Randomness is critical to securing current security solutions as well as protecting systems from the future threat of quantum attacks. These attacks will further weaken deterministic methods of random number generation, as well as methods that are not verifiably random and from a quantum source.

Today's systems are protected by encryption standards such as RSA and AES. Their resilience is based on the inability to "break" a long string from a random number generator (RNG). Today's RNGs, however, lack true, verifiable randomness; the numbers being generated aren't as unpredictable as thought, and, as a result, such RNGs have been the point of failure in a growing number of cyber attacks.

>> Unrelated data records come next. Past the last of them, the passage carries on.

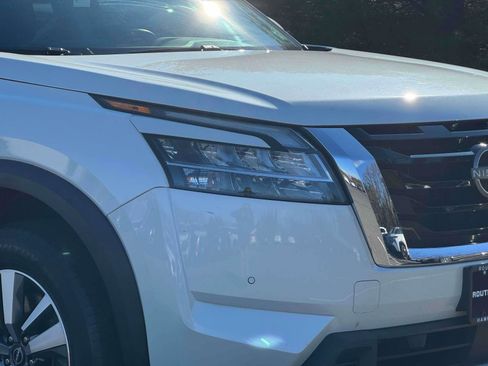 Used 2023 Nissan Pathfinder SL image 7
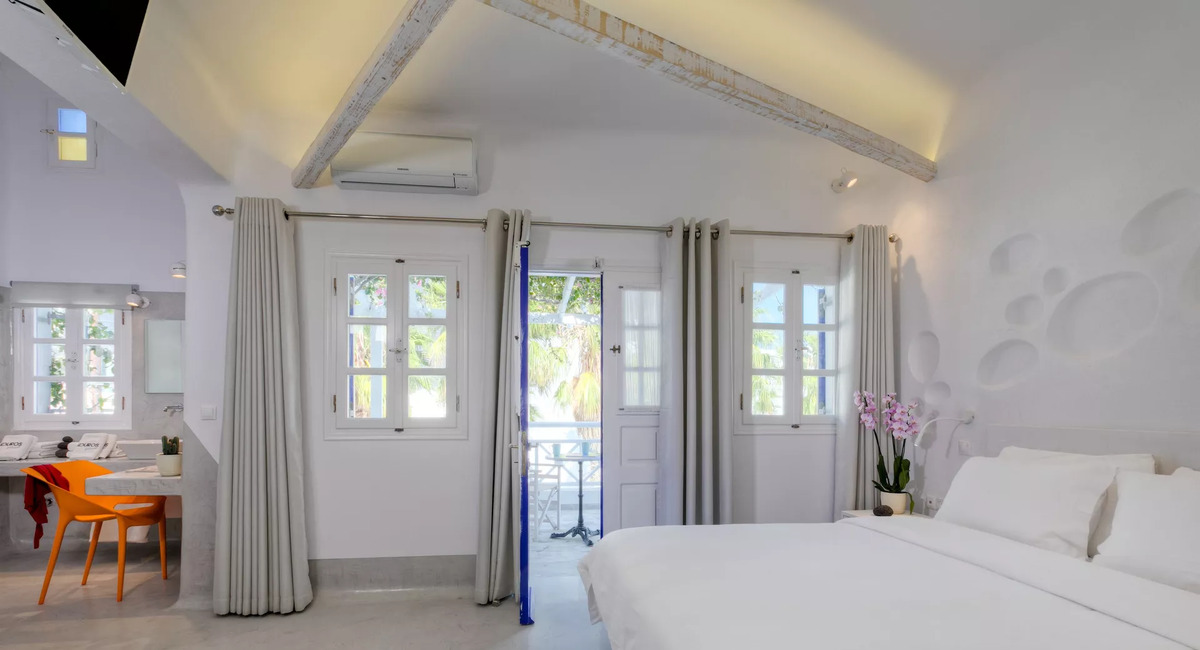 Kouros Village Santorini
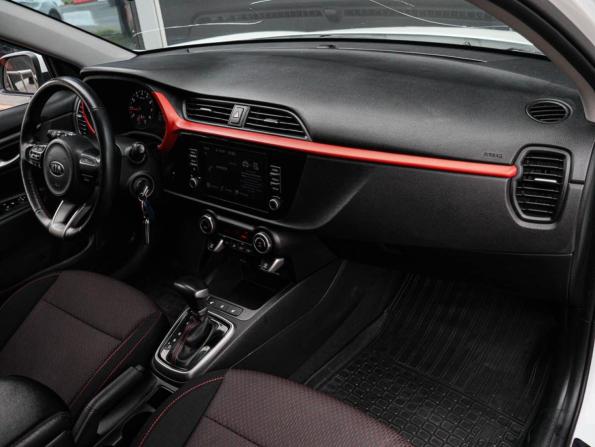Kia Rio IV Рестайлинг с пробегом 2020 года, цена 1 600 000 рублей, 94464 км, седан, Автокод Объявления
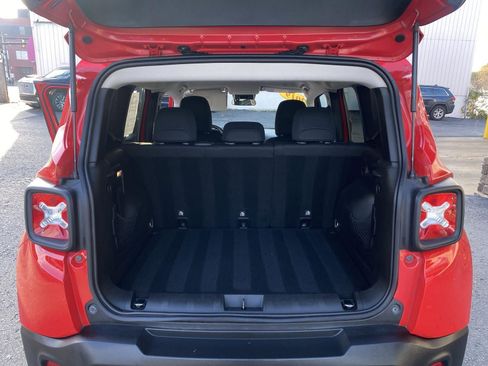 Used 2019 Jeep Renegade Latitude w/ Cold Weather Group image 16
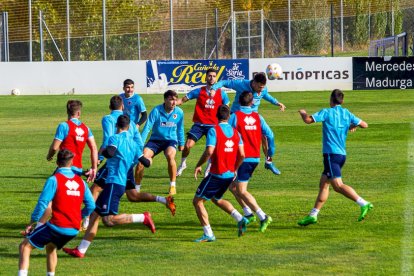 Entrenamiento del CD Numancia. MARIO TEJEDOR (74)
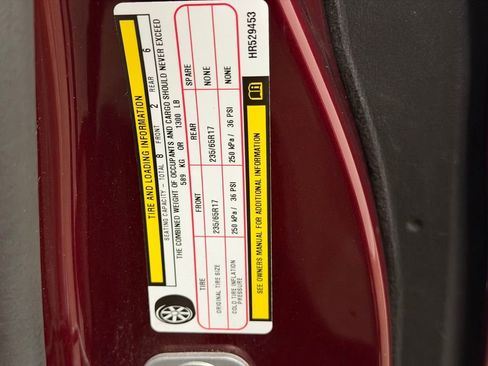 Used 2017 Chrysler Pacifica Touring image 24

To add to this, the potential threat of quantum attacks is now raising the stakes further, incentivising criminals to steal encrypted data passing over the internet, with a view to decrypting it later using quantum computers. So-called "hack now, decrypt later" attacks.

Quantum Origin is a cloud-hosted platform that protects against these current and future threats. It uses the unpredictable nature of quantum mechanics to generate cryptographic keys seeded with verifiable quantum randomness from Quantinuum's H-Series quantum computers, Powered by Honeywell. It supports traditional algorithms, such as RSA or AES, as well as post-quantum cryptography algorithms currently being standardised by the National Institute for Standards and Technology (NIST).

"We have been working for a number of years now on a method to efficiently and effectively use the unique features of quantum computers in order to provide our customers with a defence against adversaries and criminals now and in the future once quantum computers are prevalent," said Ilyas Khan, CEO of Quantinuum and Founder of Cambridge Quantum. He added "Quantum Origin gives us the ability to be safe from the most sophisticated and powerful threats today as well as threats from quantum computers in the future."

Duncan Jones, head of cybersecurity at Cambridge Quantum, said: "When we talk about protecting systems using quantum-powered technologies, we're not just talking about protecting them from future threats. From large-scale takedowns of organisations, to nation state hackers and the worrying potential of 'hack now, decrypt later' attacks, the threats are very real today, and very much here to stay. Responsible enterprises need to deploy every defense possible to ensure maximum protection at the encryption level today and tomorrow."

With Quantum Origin, when an organisation requires quantum-enhanced keys to be generated, it can now make a call via an API. Quantum Origin generates the keys before encrypting them with a transport key and securely relaying them back to the organisation. To give organisations a high-level of assurance that their encryption keys are as unpredictable as possible, Quantum Origin tests the entire output from the quantum computers, ensuring that each key is seeded from verifiable quantum randomness.

These keys are then simple and easy to integrate within customers' existing systems because they're provided in a format that can be consumed by traditional cybersecurity systems and hardware. This end-to-end approach ensures key generation is on-demand and is capable of scaling with use, all while remaining secure.

Quantum Origin keys should be used in any scenario where there is a need for strong cybersecurity. At launch, CQ will offer Quantum Origin to financial services companies and vendors of cybersecurity products before expanding into other high priority sectors, such as telecommunications, energy, manufacturing, defence and government.